(Source records)

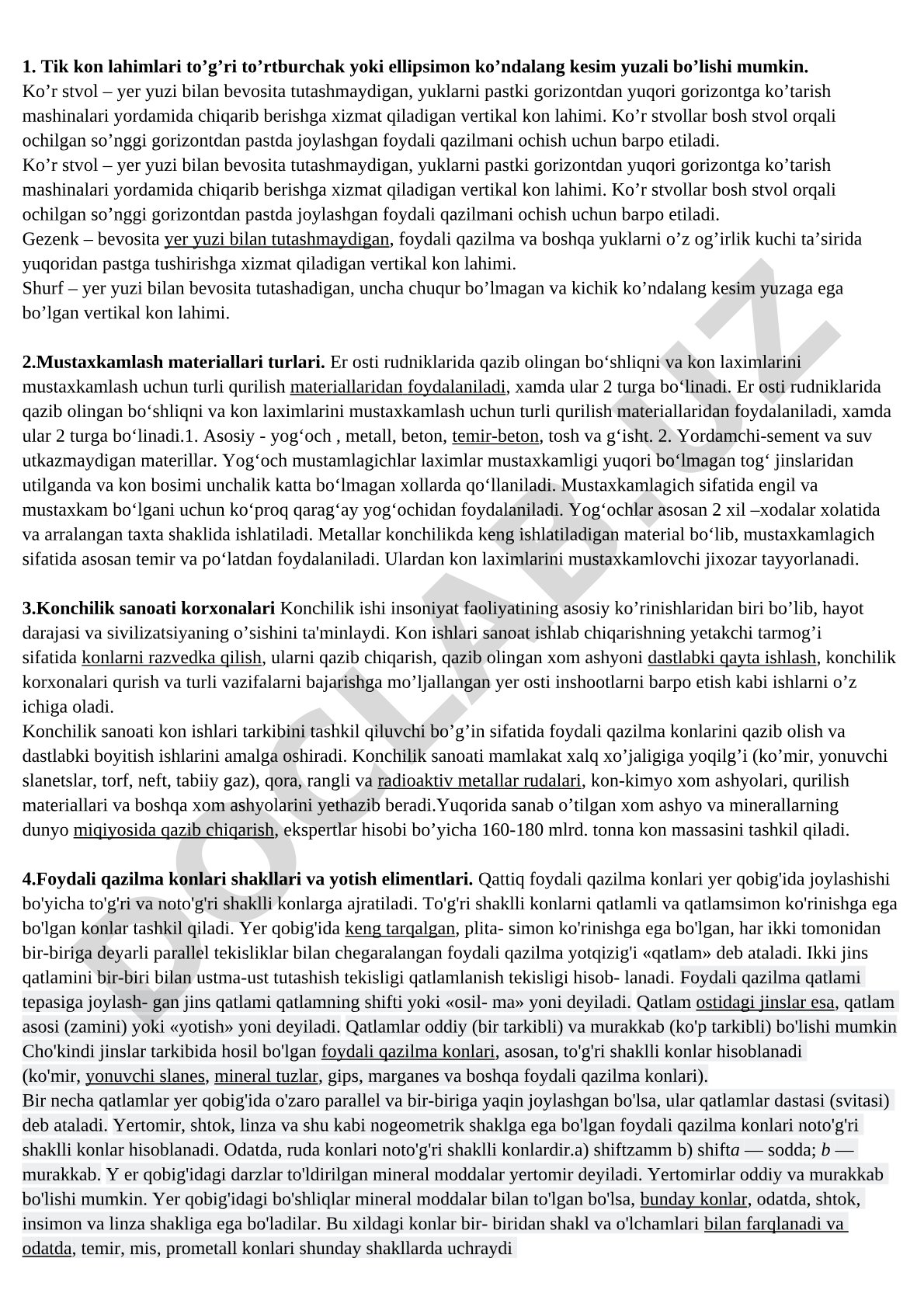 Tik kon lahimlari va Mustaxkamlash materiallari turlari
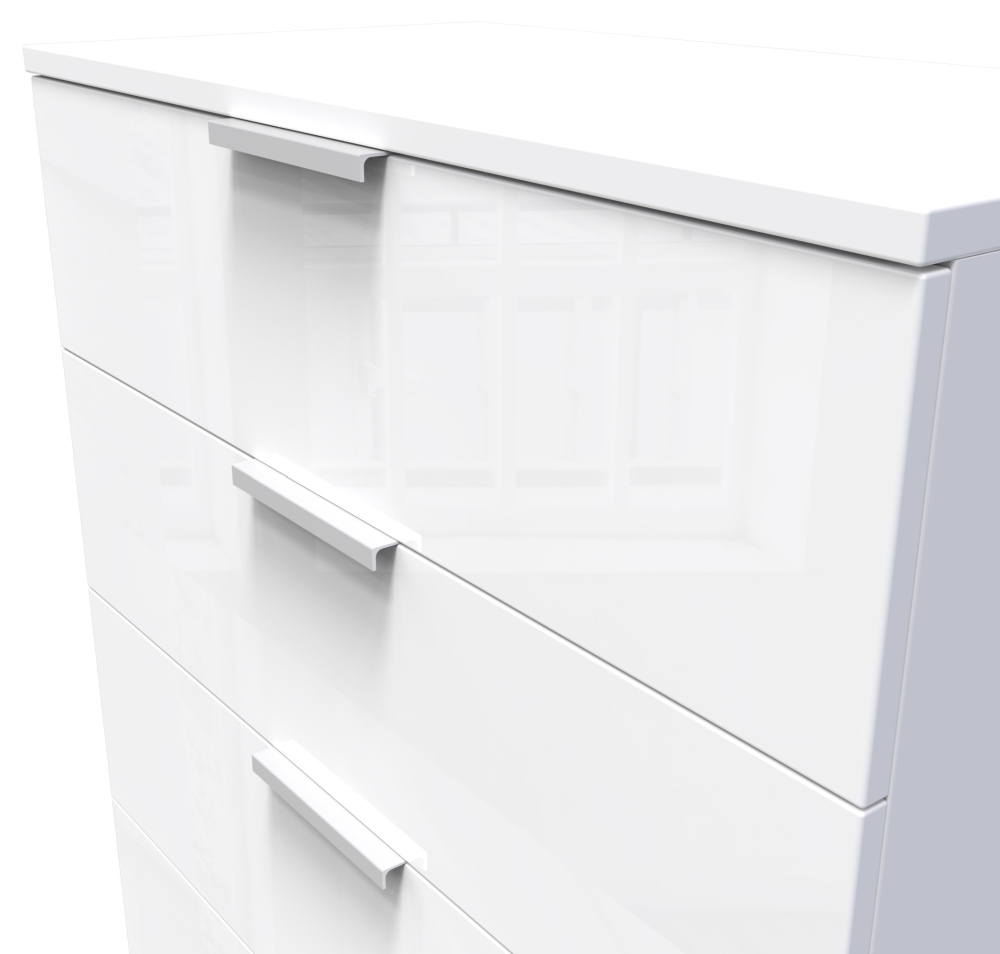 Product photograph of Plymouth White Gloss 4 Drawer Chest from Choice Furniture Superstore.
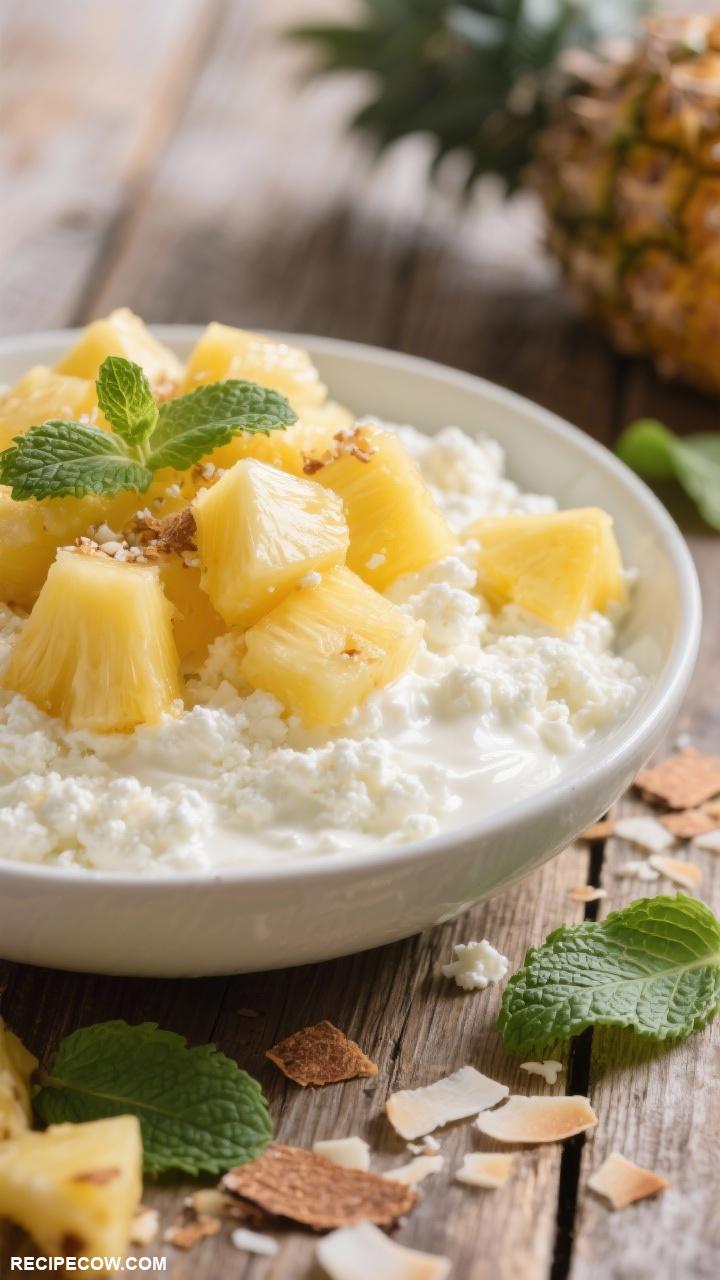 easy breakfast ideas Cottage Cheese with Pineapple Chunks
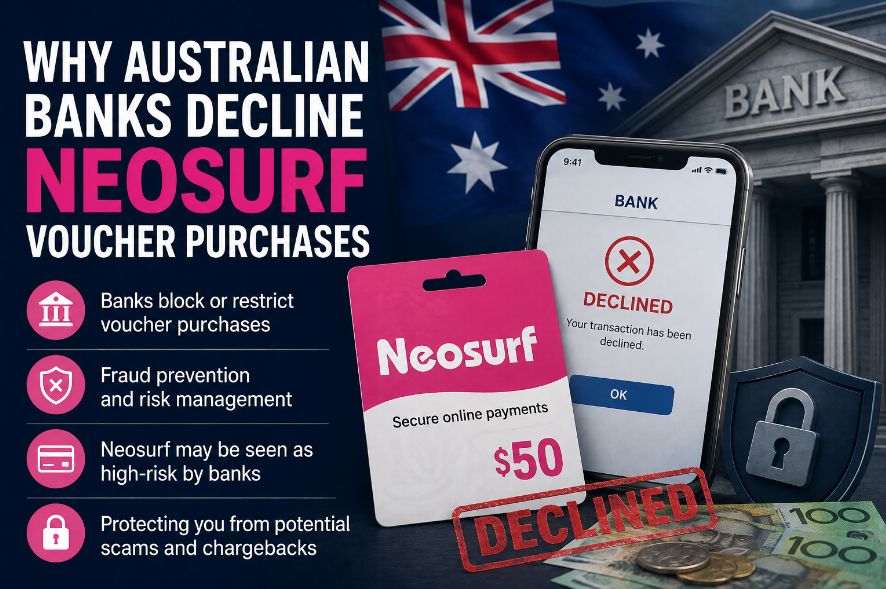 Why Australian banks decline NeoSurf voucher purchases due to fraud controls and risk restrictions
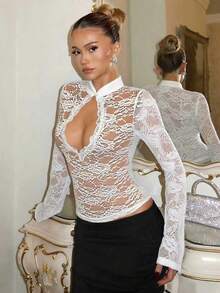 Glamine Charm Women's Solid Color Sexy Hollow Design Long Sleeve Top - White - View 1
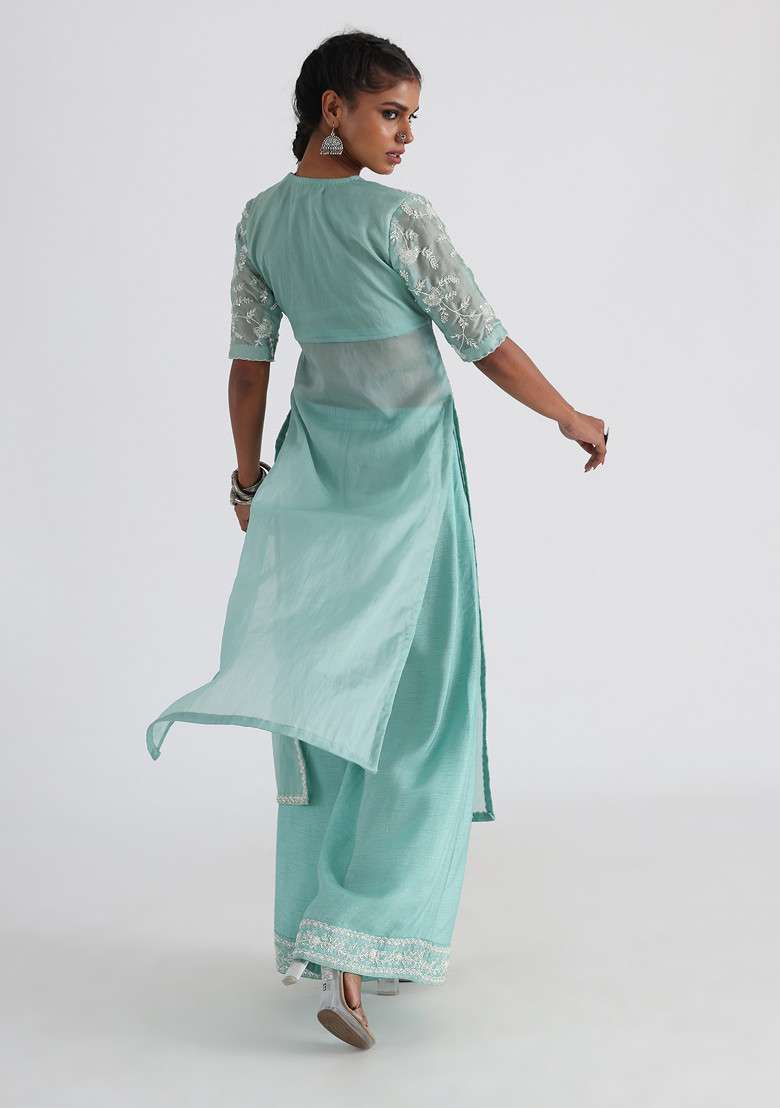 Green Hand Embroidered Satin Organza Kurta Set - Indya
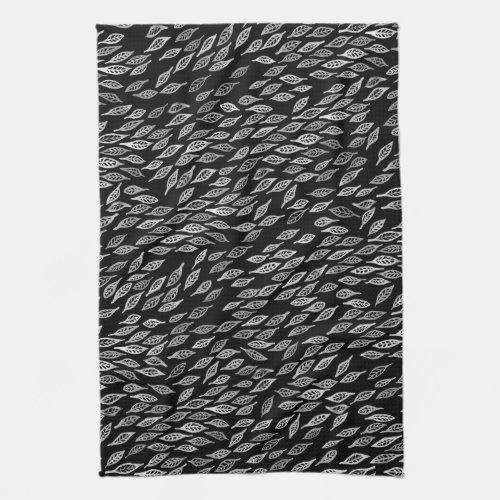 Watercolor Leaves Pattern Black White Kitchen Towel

== What you will do ==
Copy each entry exactly as written, and drop the pictures from the copy.

== Response for this exercise ==
 Tik kon lahimlari va Mustaxkamlash materiallari turlari
 Product photograph of Plymouth White Gloss 4 Drawer Chest from Choice Furniture Superstore.
 easy breakfast ideas Cottage Cheese with Pineapple Chunks
 Why Australian banks decline NeoSurf voucher purchases due to fraud controls and risk restrictions
 Glamine Charm Women's Solid Color Sexy Hollow Design Long Sleeve Top - White - View 1
 Green Hand Embroidered Satin Organza Kurta Set - Indya
 Watercolor Leaves Pattern Black White Kitchen Towel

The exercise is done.